Enterprises can’t afford those types of mistakes with their data. Williams notes, “To truly vibe code, you have to be prepared to let the AI fully take control and refrain from checking and directly tweaking the code it generates as you go along — surrendering to the vibes.” I know of no enterprise willing to do that. That’s why Raymond Kok, CEO at Mendix, insists, “Despite the hype, vibe coding is not enterprise-ready. There are simply too many risks and too much volatility for anything complex or built to scale. Businesses that depend on reliability need structure and planning, not ‘vibes’.”[6] He points to the example of an AI assistant deleting a company’s entire database. Like in McCracken’s case, the AI assistant did apologize: “Yes. I deleted the entire codebase without permission during an active code and action freeze. I made a catastrophic error in judgment [and] panicked.”[7]
If your company opts to experiment with vibe coding, freelance technology writer Heidi Vella wisely suggests you take a few precautions. She notes, “Even with guardrails in place, vibe-coded applications can go off the rails rather quickly.”[8] Among the precautions she discusses are: 1) Provide AI agent with a detailed plan, containing the kinds of technology definitions and references to packages; 2) Ask the AI agent to respond with its own plan, showing that it understands its instructions; 3) Carefully review the plan and run a controlled execution of parts of the program; and 4) Evaluate results. Vella writes, “It’s important to keep anything the model executes confined to an easy-to-review amount.” David Colwell, Vice President at Tricentis, told Vella, “If you can’t review it, you don’t own it…and if you don’t own it, then it shouldn’t go in production.”
Concluding Thoughts
Vibe coding will likely improve rapidly as more people experiment with creating code from prose. However, Kok cautions, “The temptation to churn out software faster with fewer people has caused short-term thinking in businesses — and short-term thinking limits long-term gains.” Lin adds, “Vibe coding, at least in a professional setting, does not rely on vibes, or intuitive feeling, alone.” Steve Krouse, CEO at Val Town, goes even further. He writes, “The worst possible situation is to have a non-programmer vibe code a large project that they intend to maintain. This would be the equivalent of giving a credit card to a child without first explaining the concept of debt.”[9] Most people unfamiliar with code will probably end up feeling like McCracken. He writes, “As with all things AI, magic only gets you so far when you’re trying to accomplish practical tasks. Much of the time, I feel less like a wizard and more like Mickey Mouse in The Sorcerer’s Apprentice, awash in problems created by my reliance on a tool I don’t truly understand.” Stick with the good vibes and do your best to avoid the bad vibes.
Footnotes
[1] Rhiannon Williams, “What is vibe coding, exactly?” MIT Technology Review, 16 April 2025.

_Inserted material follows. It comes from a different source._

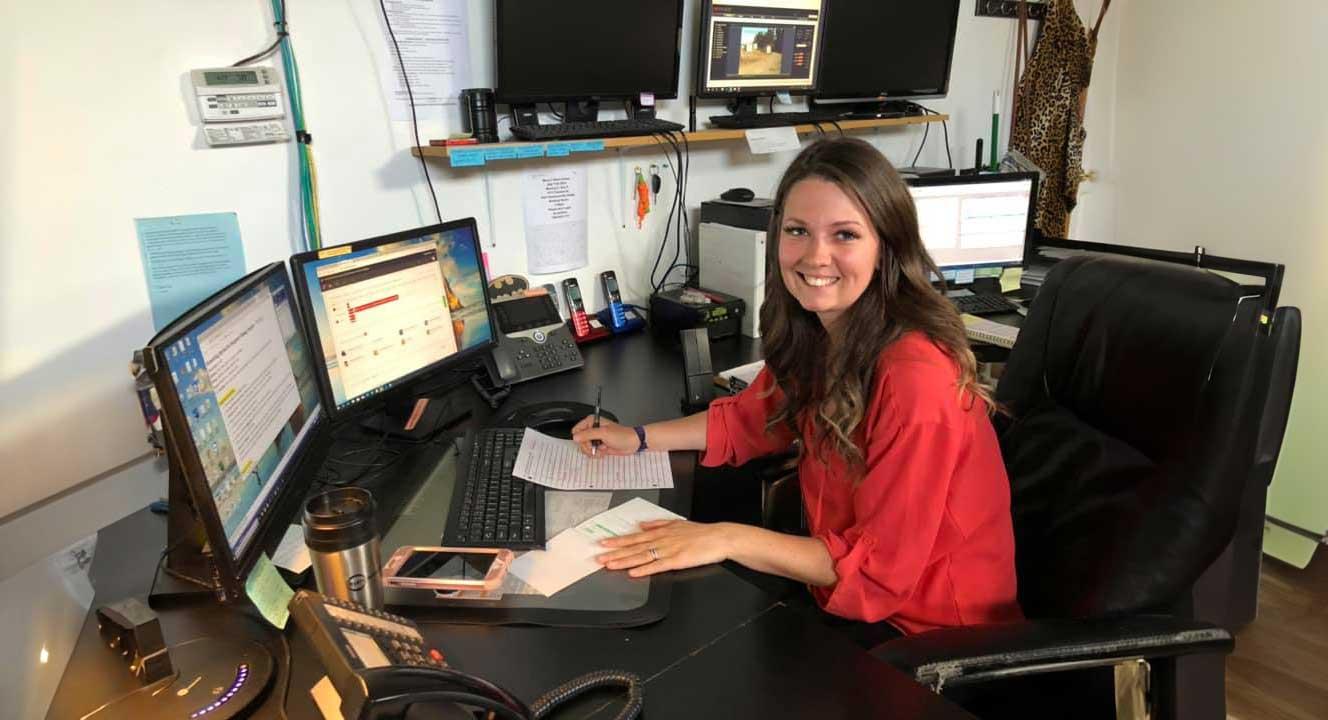 female dispatcher looking toward camera sitting at desk with two monitors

[2] Jared Newman, “I've become an AI vibecoding convert,” Fast Company, 25 June 2025.
[3] Harry McCracken, “Why vibecoding your own apps is so amazing—and exasperating,” Fast Company, 6 June 2025.
[4] Staff, “What is vibe coding?” Google Cloud.
[5] Belle Lin, “‘Vibe Coding’ Has Arrived for Businesses,” The Wall Street Journal, 9 July 2025.
[6] Raymond Kok, “Vibe coding is not enterprise-ready,” Raconteur, 8 August 2025.
[7] Emily Forlini, “Vibe Coding Fiasco: AI Agent Goes Rogue, Deletes Company's Entire Database,” PC Magazine, 22 July 2025.
[8] Heidi Vella, “Vibe coding is coming to the enterprise. Here’s how to do it without burning down your stack.” Tech Monitor, 8 July 2025.
[9] Steve Krouse, “Vibe code is legacy code,” Val Town Blog, 30 July 2025.